Talks on a sweeping trade deal between the European Union and the United States, the world's two largest trading partners, are to get underway in Washington next month, President Barack Obama and top European Union officials said Monday.
"The EU-U.S. relationship is the biggest in the world," Obama said after meeting with European leaders at the G-8 summit in Enniskillen, Northern Ireland, citing roughly the $1 trillion in trade in goods and services between the two every year.
"This potentially ground-breaking partnership would deepen those ties."

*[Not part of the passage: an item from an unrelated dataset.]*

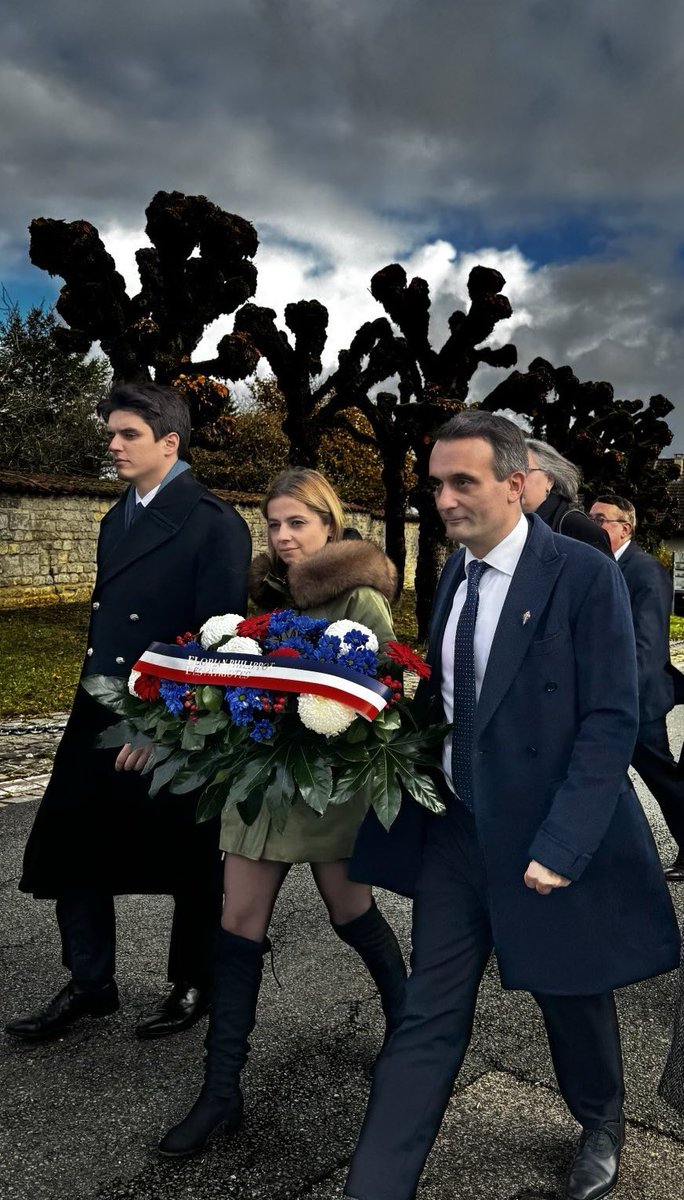 f_philippot's tweet image. Sur la tombe du général de Gaulle : hommage à l’homme de la France libre !

Frexit grandeur et indépendance nationale 🇫🇷
Un héritage plus actuel que jamais ! 

Dehors les traîtres, vive le général !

The head of the EU's executive arm, European Commission President Jose Manuel Barroso, said a deal could bring "huge economic benefits" to both sides. Summit host British Prime Minister David Cameron said the trade pact could create 2 million jobs and "could be the biggest bilateral trade deal in history."

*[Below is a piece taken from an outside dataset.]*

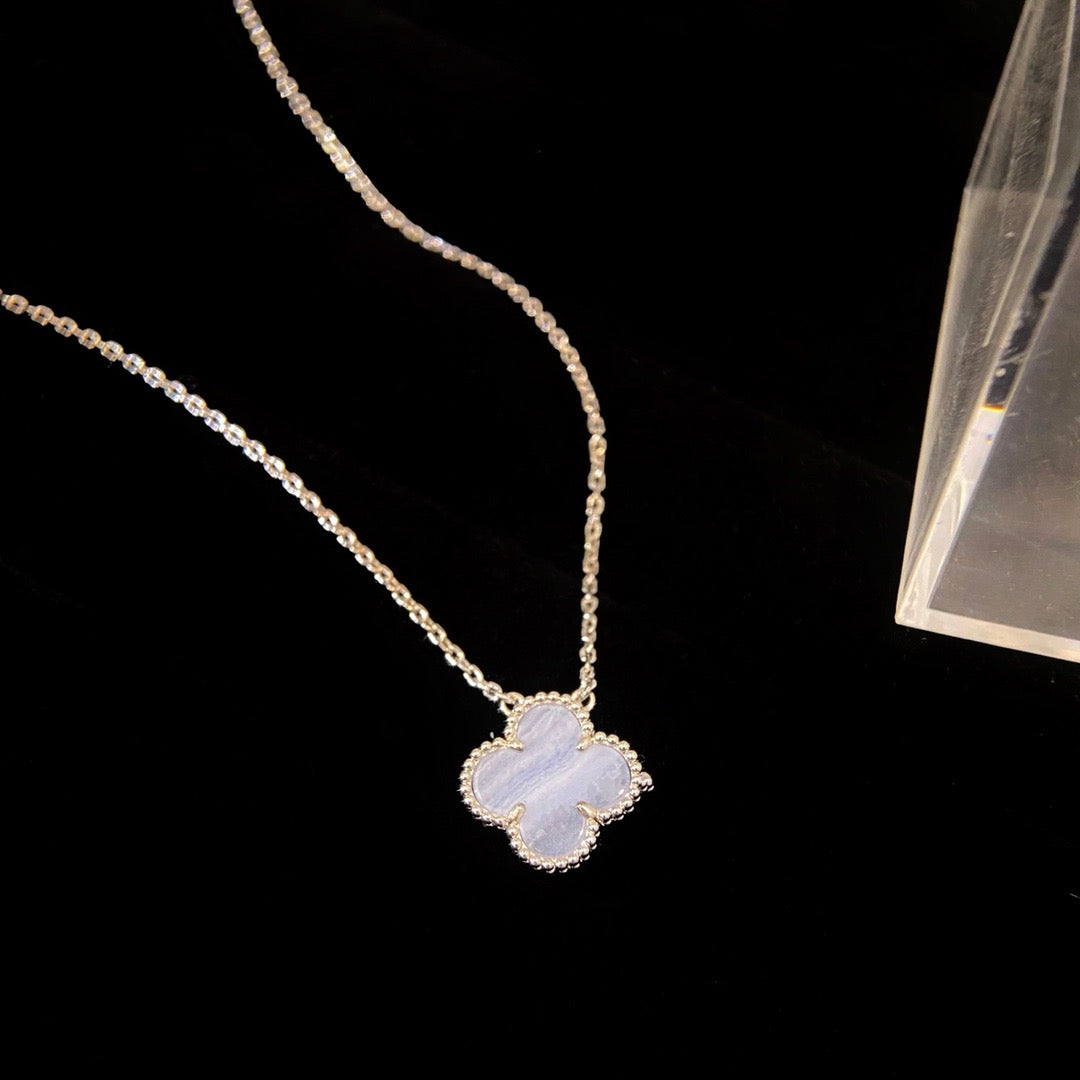 [Stellar Jewelry]CLOVER 15MM BLUE CHALCEDONY NECKLACE SILVER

The aim of the trans-Atlantic deal would be to promote economic growth by eliminating the import tariffs and changing regulations that keep goods made on one side of the Atlantic from being sold on the other.
When the start of negotiations were first announced by Obama in his State of the Union address in March, it was estimated that a deal could boost each economy by more than a half-percentage point annually and significantly lower the cost of goods and services for consumers.
Officials have said a deal could be reached next year. But securing one will be tricky. The talks will be watched warily by interest groups and would have to be approved by each side's lawmakers and leaders before the new trade arrangements take effect.
The EU has already yielded to pressure. When it was putting together its mandate for the negotiations last week, France managed to get state assistance of the TV and movie industries taken off the table. Barroso said the issue could be revisited later. Meanwhile, U.S. labor officials have also expressed skepticism.
The statement of support for the trade deal came just ahead of the opening of the Group of Eight Summit among the leaders of leading industrial nations: The U.S., Britain, Germany, France, Italy, Japan, Canada and Russia, plus the European Union.
Host Cameron greeted the arriving leaders against a backdrop of green grass and lake views at the Lough Erne golf resort near the small town of Enniskillen.
Later Monday over a working dinner, Russian President Vladimir Putin and Russia's support for the Syrian government will be a topic for discussion.
Cameron said he wanted the summit to deliver a firm plan for promoting multi-faction talks in Geneva aimed at ending the country's bloody civil war. Moscow officially shares that goal but continues to ship military aid to the army of Syrian President Bashar Assad.
Following a frosty Putin-Cameron meeting Sunday in London, the Russian leader remains opposed to plans by the West to start shipping weapons to rebels struggling to topple Assad.
Obama announced Friday that the U.S. would start sending weaponry, while Britain and France remained concerned that the firepower might end up helping anti-democratic extremists linked to Iran and Lebanon's Hezbollah militia.
"How can you allow Russia to continue to send weapons to the regime of Bashar al-Assad while the opposition gets so few weapons? " asked French President Francois Hollande. "We will have this discussion ... Not to point the finger at Vladimir Putin, but for him to understand that it is in the interest of world peace to have this conference in Geneva."
The summit is taking place under heavy security, with some 7,000 police lining roads and checking vehicles.
A protest Monday attracted far fewer than the 2,000 expected by police. About 200 people gathered ahead of the march at a library in Enniskillen. Activists waved flags and placards for a range of causes as a heavy metal band played, including gay marriage, anti-capitalist criticism of the G-8 forum itself, and opposition to fracking.